What Is Equity in Business and How Do You Calculate It?
- Human Resources
6 min. Read
Last Updated: 11/09/2023
Table of Contents
Understanding equity in business should be a top priority for business owners and CEOs. Simply put, business equity represents the amount of money (or percentage of interest of ownership) in a company. Owner's equity and shareholder's equity, often used interchangeably, refer to the funds an owner or investor has placed in the organization.
What Is Equity in Business?
Equity in business is most often the key factor by which analysts determine a company's financial well-being.
How does business equity work? Accurate information on a company's equity status can be found in its balance sheets. This document is intended to convey a business's "big picture" overview and an in-depth rendering of assets and liabilities. The simplest way to calculate equity is by subtracting all liabilities from all assets on the balance sheet; what you are left with is your company's equity that can be returned to shareholders, as appropriate.
What does it mean to have equity in business? Equity is useful in pursuing strategic growth and strengthening your position when it's necessary to acquire bank loans or lines of credit.
What Are Examples of Equity in Business?
There are numerous business equity examples to consider. These range from money investors put into a business to stock shares a company purchases back from its investors. Types of business equity include:
Shareholders’ Equity in Business
Shareholders’ equity refers to a company’s providing assets to shareholders (investors, employees, venture capitalists, etc.) after deducting liabilities. This equity structure is commonly associated with corporations.
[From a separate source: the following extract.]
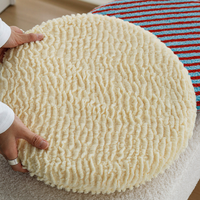 Coussin de siège rond en mousse à mémoire de forme 40 cm, antidérapant, en polyester, imprimé botanique, pour chaise de salle à manger, tabouret de bar, bureau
Owner's Equity in Business
This type of equity occurs in businesses with a sole proprietor. It describes what an owner can claim if and when their business is sold and liabilities have been paid.
Also known as common shares, this form of company equity refers to specific rights shareholders have to various assets. Owners of common stock generally have voting rights towards board elections, appointments of corporate offers, governing, and policies.
Preferred stock resembles common stock, with some key differentiators. Preferred shareholders receive dividends from a business's assets and earnings on a set schedule, and do not have voting rights. Preferred shareholders have priority over common stockholders when it comes to dividends.
This describes stock shares a company purchases back from investors. Typically, this is a "negative" form of equity since the money used to purchase these shares must be deducted from a company's overall equity.
Each business operates under different circumstances. Therefore, business owners should look at the various forms of business equity before determining what is most applicable.
How Does Equity in a Business Work?
A thorough evaluation of assets and liabilities will yield a broad overview of a company's financial well-being. This information can be used (hopefully favorably) by industry analysts and investors.
And because certain assets can be translated into working capital, a business with a strong underpinning may be able to move forward with planned growth, purchase needed equipment and digital technology, and finance internal operations.
Whether a business is in the startup phase, well established, or looking into the purchase of other businesses, business equity is the foundation upon which future growth depends.
How Do You Calculate Business Equity?
Even if you're not a financial expert, knowing how to calculate equity in business is fairly straightforward:
Equity equals total assets minus total liabilities.
Another way of putting this is that business equity indicates the funds that would be returned to shareholders if a company's assets are liquidated, and liabilities have been paid in full.
Where can you find this information? Again, the simple answer is your company's balance sheet. This document should include all your company’s assets and liabilities.
Assets generally include:
- Accounts receivable
- Cash equivalents
These assets are regarded as "liquid," meaning they can be easily converted into cash.
Long-term assets can encompass physical structures, technology and other equipment, and, where appropriate, intellectual property. Note that real estate and intangible assets such as customer loyalty, databases, patents, and other company-owned intellectual property are not generally considered to be liquid assets.
Liabilities (usually regarded as debts incurred by the business) generally include:
- Accounts payable
- Deferred revenue
- Lines of credit
- Financial obligations, short- and long-term
- Rent, utilities, taxes
The money a business owes to banks, suppliers, employees, mortgages, etc., is regarded as business liability.
Make Sure Your Financials Are Sound
Some business leaders leave the accounting responsibilities to others so as not to get mired down in day-to-day financial operations. There's nothing wrong with that, provided C-suite executives fully grasp what equity is and the overall state of a company's financial health. Using a simple equation (total assets minus total liabilities), it's possible for everyone within the organization to better understand the challenges ahead and how well the business is performing.
Remember, there are many stakeholders in the business, and all of them (including investors and, in some cases, employees) pay close attention to the amount of equity a business can claim. Greater equity means more opportunities to grow the business, design better employee benefits to attract and retain new talent, and keep payroll processing and other vital operations running smoothly.